Market Movements and Information Cascades
Major US indexes have risen to record highs today in response to a positive outlook triggered by rising earnings and anticipation of the central bank rising rates in Europe. The Dow climbed nearly 70 basis points today to close at a record high of 17555, recording a gain of 5.9% since the beginning of the year.
While long-term investors may be excited at the prospect of rising dividends and the increasing value of US corporations, day traders have a much different outlook regarding their security selection. On a daily basis, stocks move based off of investors expectations regarding future performance rather than any increase in real value. This prompts day traders to spend much of their time gauging the attitude of other investors rather than evaluating future valuations. Regardless of whether or not a company will experience cost advantages in the future, if investors have a positive outlook on a company the price of the stock will reflect it today.
This interestingly relates to a key concept that we recently covered in HW 6: the information cascade. An information cascade occurs when somebody’s decision is influenced by the decision of others; in the example we discussed in class an information cascade occurs when the third person picking a marble out of a bag will predict that the bag is blue dominant regardless of what they draw so long as the first two players draw blue marbles.

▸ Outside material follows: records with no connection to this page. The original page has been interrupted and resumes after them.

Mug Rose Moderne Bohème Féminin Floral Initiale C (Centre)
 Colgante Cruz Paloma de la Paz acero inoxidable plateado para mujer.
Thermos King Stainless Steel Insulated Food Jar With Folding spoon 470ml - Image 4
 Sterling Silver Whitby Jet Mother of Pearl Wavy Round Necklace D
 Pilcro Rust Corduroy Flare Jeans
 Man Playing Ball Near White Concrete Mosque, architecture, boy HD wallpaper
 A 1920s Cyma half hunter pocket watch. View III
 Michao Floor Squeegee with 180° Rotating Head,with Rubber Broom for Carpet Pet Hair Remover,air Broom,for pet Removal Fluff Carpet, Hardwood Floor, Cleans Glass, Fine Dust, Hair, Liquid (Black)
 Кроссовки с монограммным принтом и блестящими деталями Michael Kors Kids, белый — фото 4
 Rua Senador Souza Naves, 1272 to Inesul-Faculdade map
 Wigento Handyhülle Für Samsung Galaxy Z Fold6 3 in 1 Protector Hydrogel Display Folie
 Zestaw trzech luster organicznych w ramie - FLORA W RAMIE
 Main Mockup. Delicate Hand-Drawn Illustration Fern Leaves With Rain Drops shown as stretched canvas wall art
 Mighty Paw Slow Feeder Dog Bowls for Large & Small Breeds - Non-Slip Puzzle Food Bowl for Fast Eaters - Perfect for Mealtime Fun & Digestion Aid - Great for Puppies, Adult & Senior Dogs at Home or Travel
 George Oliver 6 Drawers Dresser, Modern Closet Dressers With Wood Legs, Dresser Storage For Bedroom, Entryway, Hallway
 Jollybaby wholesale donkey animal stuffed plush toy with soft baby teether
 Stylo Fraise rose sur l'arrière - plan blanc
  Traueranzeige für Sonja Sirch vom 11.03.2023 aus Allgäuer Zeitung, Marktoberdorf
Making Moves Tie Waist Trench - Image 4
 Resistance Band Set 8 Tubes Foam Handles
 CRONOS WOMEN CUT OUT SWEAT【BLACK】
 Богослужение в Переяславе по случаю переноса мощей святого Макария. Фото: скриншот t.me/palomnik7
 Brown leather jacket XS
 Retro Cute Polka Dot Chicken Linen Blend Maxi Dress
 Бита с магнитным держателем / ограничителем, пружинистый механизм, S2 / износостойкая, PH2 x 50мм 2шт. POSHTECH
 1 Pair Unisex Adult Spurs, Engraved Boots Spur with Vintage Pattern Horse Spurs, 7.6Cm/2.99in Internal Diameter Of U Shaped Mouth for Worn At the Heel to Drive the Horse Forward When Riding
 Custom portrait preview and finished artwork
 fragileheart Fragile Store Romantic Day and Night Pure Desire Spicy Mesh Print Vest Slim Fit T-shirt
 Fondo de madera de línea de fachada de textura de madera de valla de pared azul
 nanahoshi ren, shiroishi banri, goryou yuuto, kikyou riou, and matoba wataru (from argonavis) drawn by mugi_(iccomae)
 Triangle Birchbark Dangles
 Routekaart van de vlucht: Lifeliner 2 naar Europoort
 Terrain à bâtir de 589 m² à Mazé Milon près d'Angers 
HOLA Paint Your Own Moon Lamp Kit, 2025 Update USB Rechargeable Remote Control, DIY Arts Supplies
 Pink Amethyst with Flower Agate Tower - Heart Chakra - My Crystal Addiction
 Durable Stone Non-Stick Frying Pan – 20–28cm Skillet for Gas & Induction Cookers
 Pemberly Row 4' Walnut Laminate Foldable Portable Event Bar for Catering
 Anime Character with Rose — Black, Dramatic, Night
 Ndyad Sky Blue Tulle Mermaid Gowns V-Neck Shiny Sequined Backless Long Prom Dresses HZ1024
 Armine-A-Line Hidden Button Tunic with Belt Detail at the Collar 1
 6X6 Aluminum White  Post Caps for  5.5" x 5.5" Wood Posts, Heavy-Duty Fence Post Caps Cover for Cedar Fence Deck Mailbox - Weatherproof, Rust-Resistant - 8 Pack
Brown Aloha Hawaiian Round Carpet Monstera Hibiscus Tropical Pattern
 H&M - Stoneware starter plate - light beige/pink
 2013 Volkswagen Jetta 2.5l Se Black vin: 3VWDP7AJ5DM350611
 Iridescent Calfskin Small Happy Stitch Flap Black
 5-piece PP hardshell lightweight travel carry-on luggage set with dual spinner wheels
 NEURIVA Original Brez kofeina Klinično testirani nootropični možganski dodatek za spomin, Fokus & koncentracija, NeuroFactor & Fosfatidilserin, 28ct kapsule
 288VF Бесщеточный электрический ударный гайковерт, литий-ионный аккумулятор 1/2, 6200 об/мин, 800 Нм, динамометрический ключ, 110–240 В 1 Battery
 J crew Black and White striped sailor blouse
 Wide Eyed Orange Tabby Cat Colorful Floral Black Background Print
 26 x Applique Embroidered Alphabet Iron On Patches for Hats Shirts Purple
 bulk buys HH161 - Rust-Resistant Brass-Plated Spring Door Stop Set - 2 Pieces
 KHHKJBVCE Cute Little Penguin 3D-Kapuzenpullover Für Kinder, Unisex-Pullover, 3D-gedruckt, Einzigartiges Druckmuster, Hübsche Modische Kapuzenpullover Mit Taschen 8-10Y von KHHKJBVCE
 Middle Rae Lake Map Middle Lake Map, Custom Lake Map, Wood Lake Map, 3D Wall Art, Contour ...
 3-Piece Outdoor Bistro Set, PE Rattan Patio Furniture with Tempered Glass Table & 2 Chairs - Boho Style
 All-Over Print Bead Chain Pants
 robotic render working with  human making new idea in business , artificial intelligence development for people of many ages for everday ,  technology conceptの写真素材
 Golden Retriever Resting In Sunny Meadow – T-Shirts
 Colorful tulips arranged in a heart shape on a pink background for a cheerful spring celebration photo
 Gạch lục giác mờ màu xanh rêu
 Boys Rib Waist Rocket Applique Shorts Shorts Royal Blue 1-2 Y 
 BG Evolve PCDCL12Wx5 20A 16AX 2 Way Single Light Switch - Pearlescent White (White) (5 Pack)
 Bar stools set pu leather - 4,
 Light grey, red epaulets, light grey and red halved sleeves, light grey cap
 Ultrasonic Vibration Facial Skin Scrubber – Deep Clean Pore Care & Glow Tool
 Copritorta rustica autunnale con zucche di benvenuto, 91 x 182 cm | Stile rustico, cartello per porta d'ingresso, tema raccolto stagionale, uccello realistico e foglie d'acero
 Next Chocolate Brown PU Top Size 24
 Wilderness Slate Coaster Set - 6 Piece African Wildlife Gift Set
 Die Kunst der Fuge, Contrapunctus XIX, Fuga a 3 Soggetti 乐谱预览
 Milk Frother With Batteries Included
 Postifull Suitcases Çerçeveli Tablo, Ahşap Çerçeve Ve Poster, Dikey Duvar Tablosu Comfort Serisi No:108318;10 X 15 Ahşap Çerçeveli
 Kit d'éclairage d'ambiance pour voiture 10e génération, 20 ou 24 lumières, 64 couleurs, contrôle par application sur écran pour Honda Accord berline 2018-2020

The same idea applies to the way that day traders tend to select stocks; rather then choosing to invest in the companies that they think will experience long term growth, they invest in the companies that other investors think will experience long term growth. These are the companies that will move and the day traders will make money off of the momentum. Rather then reading this article and being excited about the prospect of higher future dividends and the potential for realizing capital gains in the long-term, day traders will read this article and then try to determine which companies other investors are most excited about. Information cascades are also the reason behind the current equity bubble, characterized by indexes experience much higher growth than GDP.